Extracted entries>

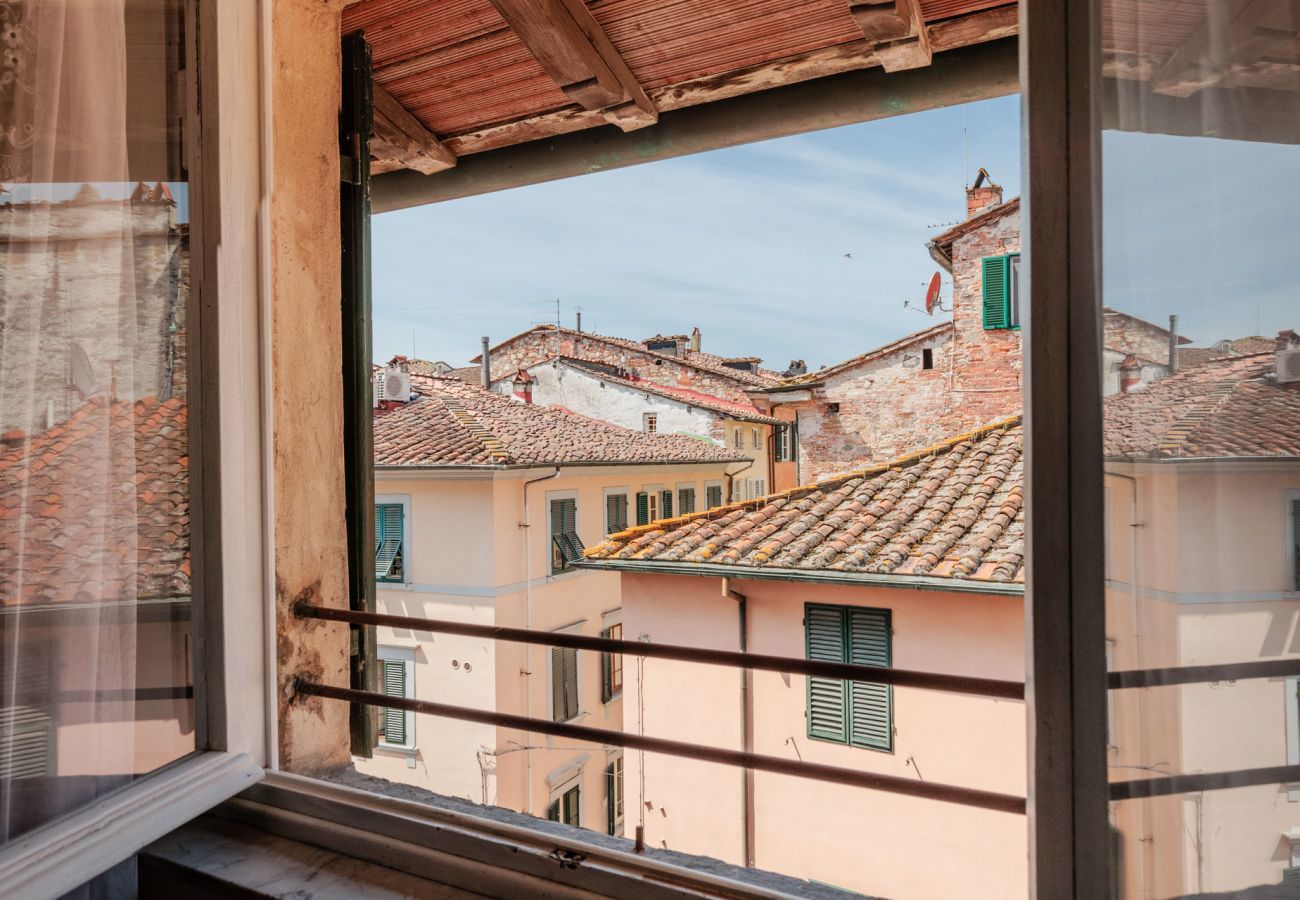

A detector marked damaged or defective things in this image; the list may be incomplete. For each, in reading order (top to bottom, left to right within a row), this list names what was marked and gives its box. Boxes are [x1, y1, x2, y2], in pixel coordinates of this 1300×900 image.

rusty metal bar [295, 600, 1024, 697]
rusty metal bar [1107, 658, 1300, 691]
rusty metal bar [295, 676, 1024, 816]
rusty metal bar [1107, 764, 1300, 801]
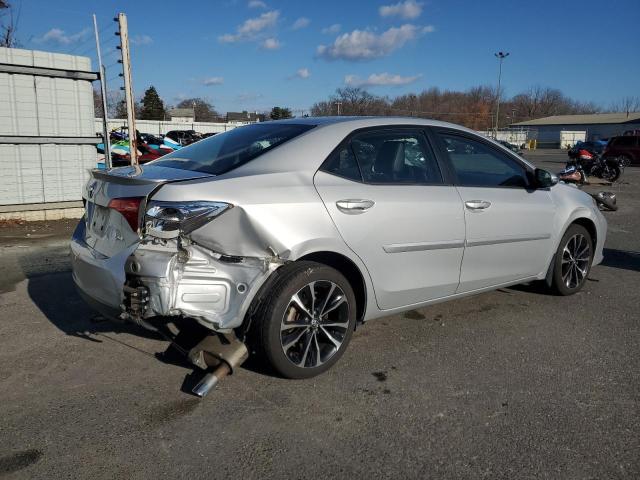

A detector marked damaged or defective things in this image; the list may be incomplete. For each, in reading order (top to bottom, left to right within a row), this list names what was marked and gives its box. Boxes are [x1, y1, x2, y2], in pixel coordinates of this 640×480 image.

broken tail lamp [142, 201, 230, 238]
damaged rear bumper [120, 239, 280, 332]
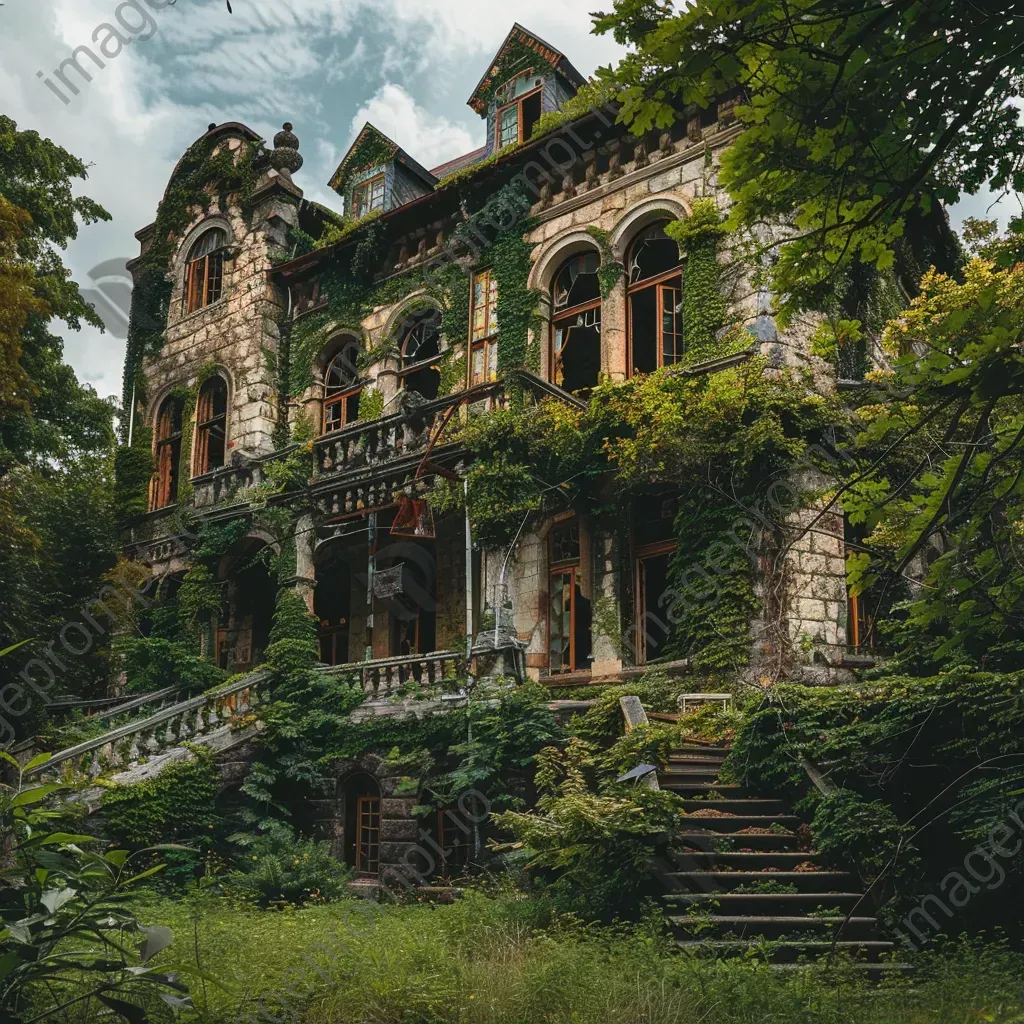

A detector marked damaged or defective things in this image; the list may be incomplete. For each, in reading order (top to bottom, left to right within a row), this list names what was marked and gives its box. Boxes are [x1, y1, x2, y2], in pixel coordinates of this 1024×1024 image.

broken window [495, 80, 544, 148]
broken window [350, 174, 385, 220]
broken window [151, 391, 184, 507]
broken window [188, 227, 230, 311]
broken window [193, 374, 228, 473]
broken window [325, 337, 366, 430]
broken window [397, 305, 442, 397]
window with broken glass [468, 268, 497, 387]
broken window [471, 270, 499, 385]
broken window [552, 251, 598, 395]
window with broken glass [552, 251, 598, 395]
broken window [626, 222, 684, 374]
window with broken glass [626, 222, 684, 374]
broken window [548, 516, 589, 675]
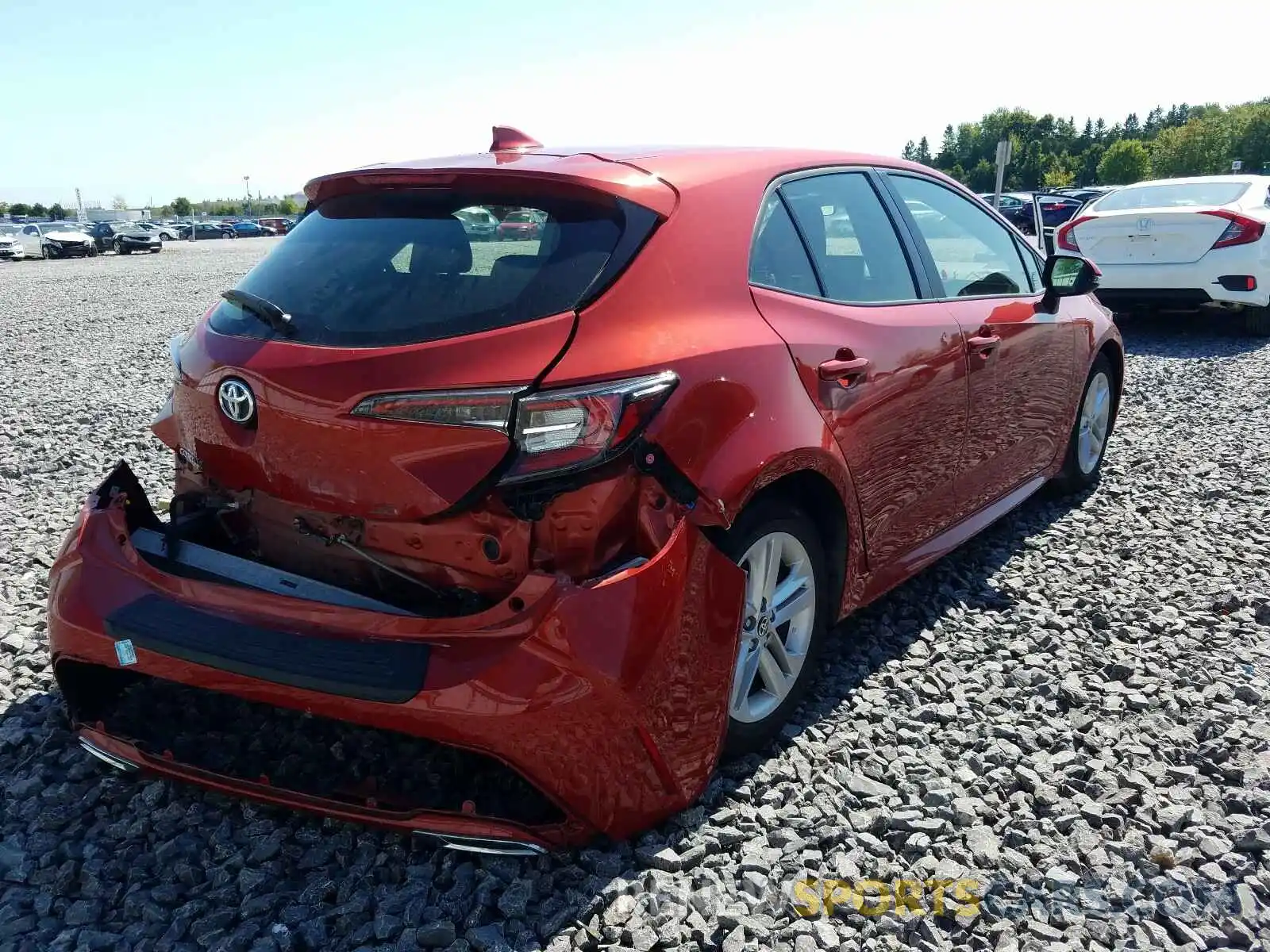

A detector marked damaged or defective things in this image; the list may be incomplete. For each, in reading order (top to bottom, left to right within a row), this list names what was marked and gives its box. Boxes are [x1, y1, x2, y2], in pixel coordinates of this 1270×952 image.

damaged rear bumper [47, 462, 741, 847]
detached bumper cover [49, 464, 741, 847]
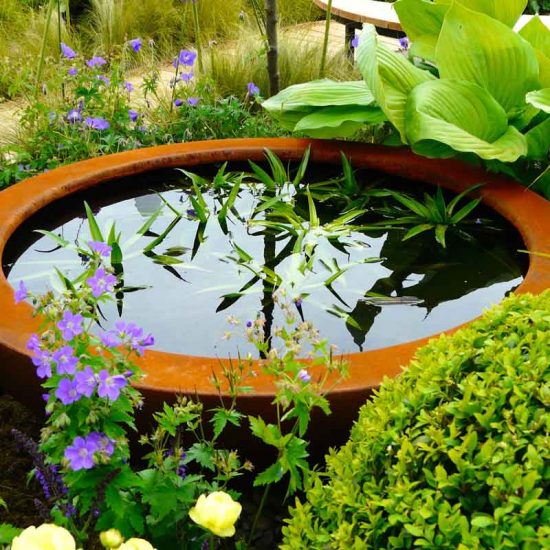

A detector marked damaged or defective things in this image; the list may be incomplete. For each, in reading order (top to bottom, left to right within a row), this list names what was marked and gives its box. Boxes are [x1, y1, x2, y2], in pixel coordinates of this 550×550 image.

rusty patina surface [1, 140, 550, 454]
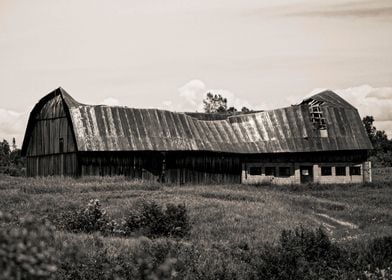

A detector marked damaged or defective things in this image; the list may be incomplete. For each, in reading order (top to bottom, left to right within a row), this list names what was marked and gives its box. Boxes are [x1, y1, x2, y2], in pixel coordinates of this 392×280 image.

broken window [308, 100, 326, 131]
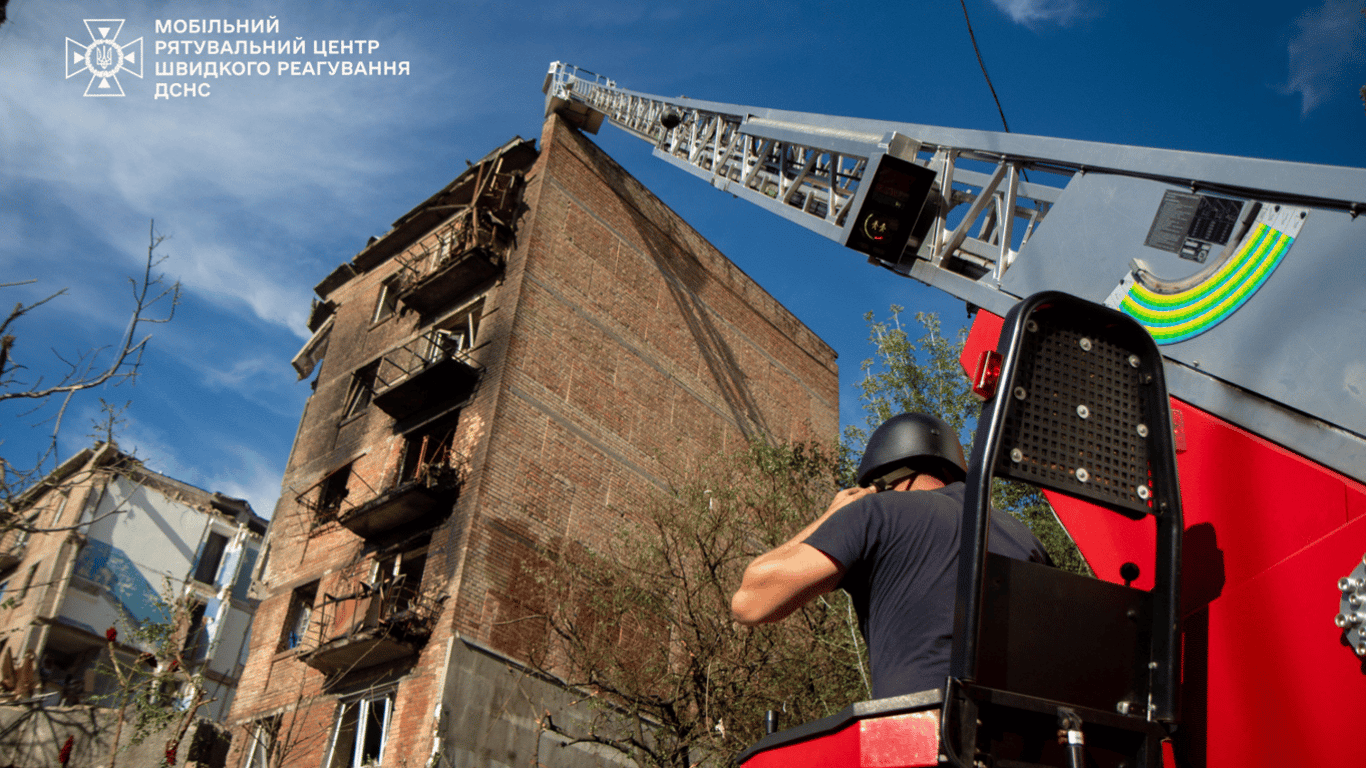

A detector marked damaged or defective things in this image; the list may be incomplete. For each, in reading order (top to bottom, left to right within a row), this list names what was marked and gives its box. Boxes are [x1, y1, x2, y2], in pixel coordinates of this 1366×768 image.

broken window [342, 364, 380, 420]
broken window [400, 414, 460, 486]
damaged brick building [227, 114, 832, 768]
burned facade [227, 115, 832, 768]
broken window [192, 532, 230, 584]
broken window [280, 584, 318, 652]
broken window [328, 688, 396, 768]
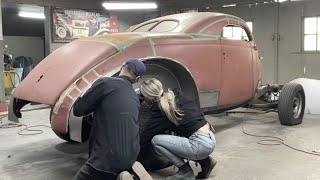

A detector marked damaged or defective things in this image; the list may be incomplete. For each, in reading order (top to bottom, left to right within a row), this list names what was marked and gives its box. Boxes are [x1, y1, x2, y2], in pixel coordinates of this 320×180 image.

rusty car body [10, 11, 304, 143]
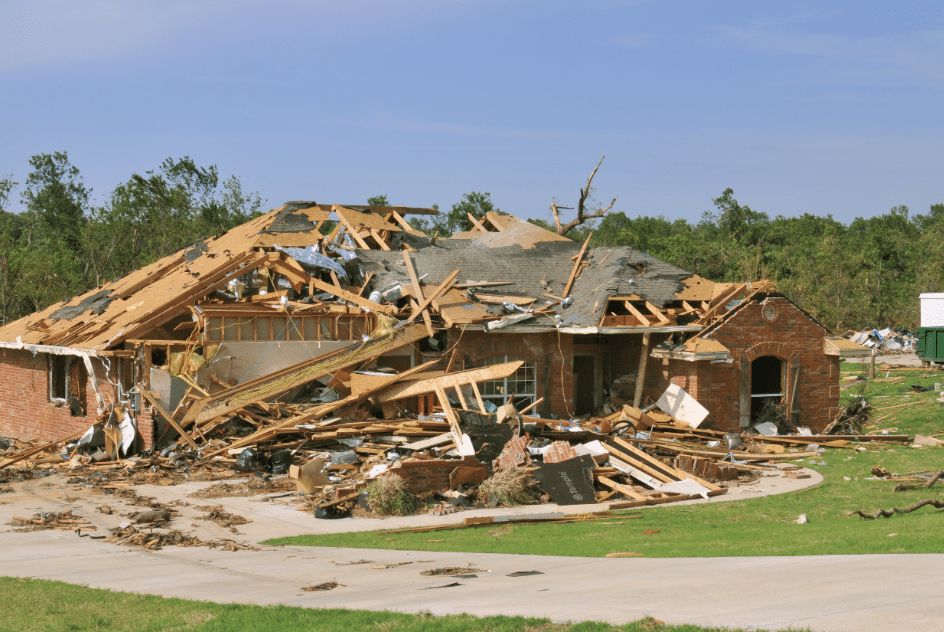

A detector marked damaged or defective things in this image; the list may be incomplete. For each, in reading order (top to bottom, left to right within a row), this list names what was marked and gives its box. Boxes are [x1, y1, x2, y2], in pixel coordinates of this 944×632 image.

damaged house [0, 202, 864, 454]
broken window [476, 354, 536, 412]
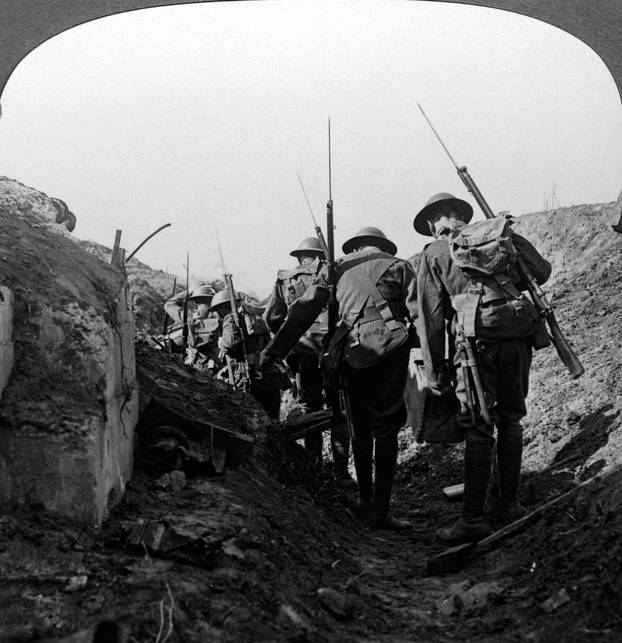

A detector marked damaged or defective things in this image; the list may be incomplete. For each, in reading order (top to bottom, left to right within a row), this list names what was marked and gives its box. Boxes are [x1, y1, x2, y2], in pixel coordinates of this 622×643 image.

broken timber [426, 466, 616, 576]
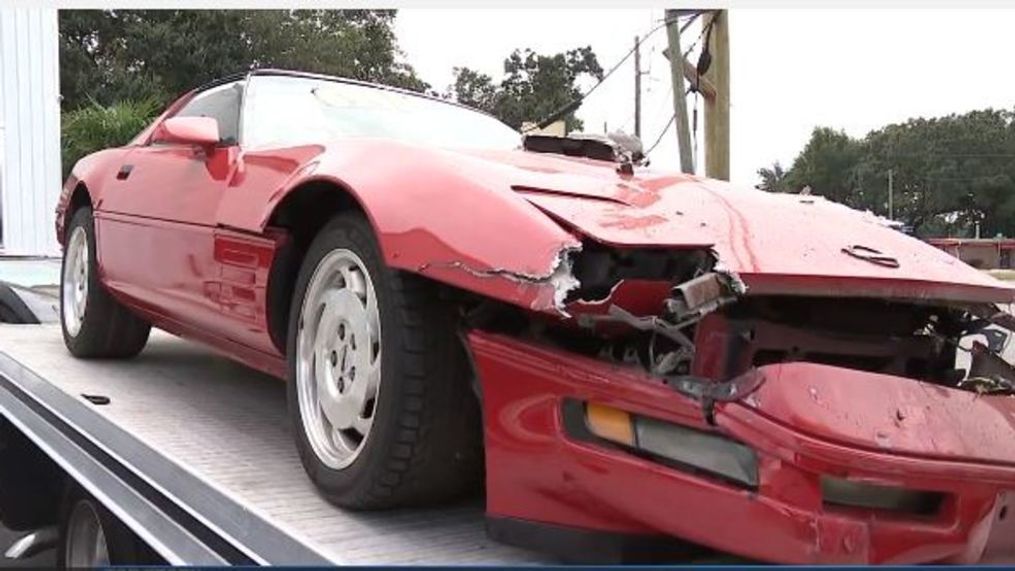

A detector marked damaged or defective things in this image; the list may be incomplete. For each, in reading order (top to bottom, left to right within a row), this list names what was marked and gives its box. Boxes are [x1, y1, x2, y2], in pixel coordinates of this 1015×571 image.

crumpled hood [452, 150, 1015, 306]
broken headlight housing [568, 400, 760, 490]
crashed front end [462, 235, 1015, 564]
damaged bumper [472, 328, 1015, 564]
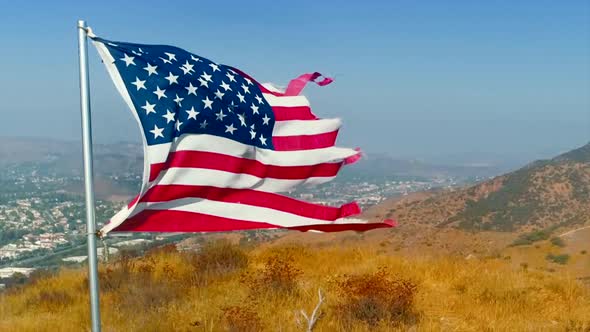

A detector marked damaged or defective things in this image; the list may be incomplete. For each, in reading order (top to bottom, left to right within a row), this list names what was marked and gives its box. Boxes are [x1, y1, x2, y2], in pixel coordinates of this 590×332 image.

tattered american flag [90, 30, 396, 233]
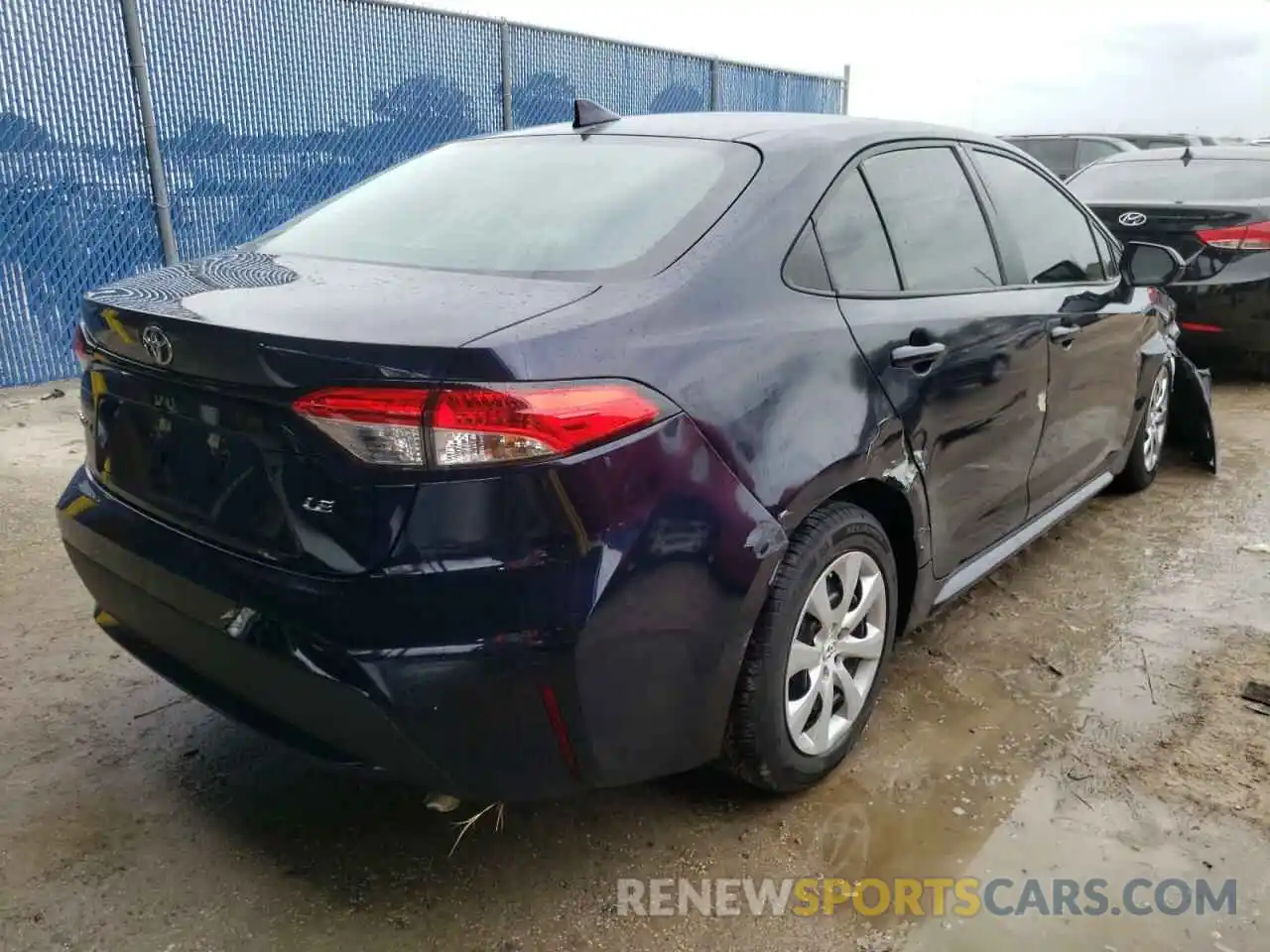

Problem description> Find the line that contains "this 1015×571 image.", then write out that line and each one after it, exactly and with nothing else, through the end of the entries above, without the pictures.

Answer section>
A detector marked damaged or defective things in this image; the list may be incomplete. For each, in reading order (top to bottom, left to right within a row), this list names what was marked and gives its box. Boxes are [x1, y1, x2, y2], in pixel coordinates of this 1015×571 image.

crumpled hood [452, 150, 1015, 306]
broken headlight housing [568, 400, 760, 490]
crashed front end [462, 235, 1015, 564]
damaged bumper [472, 328, 1015, 564]

A detector marked damaged or defective things in this image; the list may be incomplete. For each, in reading order (top to bottom, left to right within a row), this list names what was marked and gives its box. Boxes are [x1, y1, x2, y2], in pixel coordinates of this 590×332 image.

tattered american flag [90, 30, 396, 233]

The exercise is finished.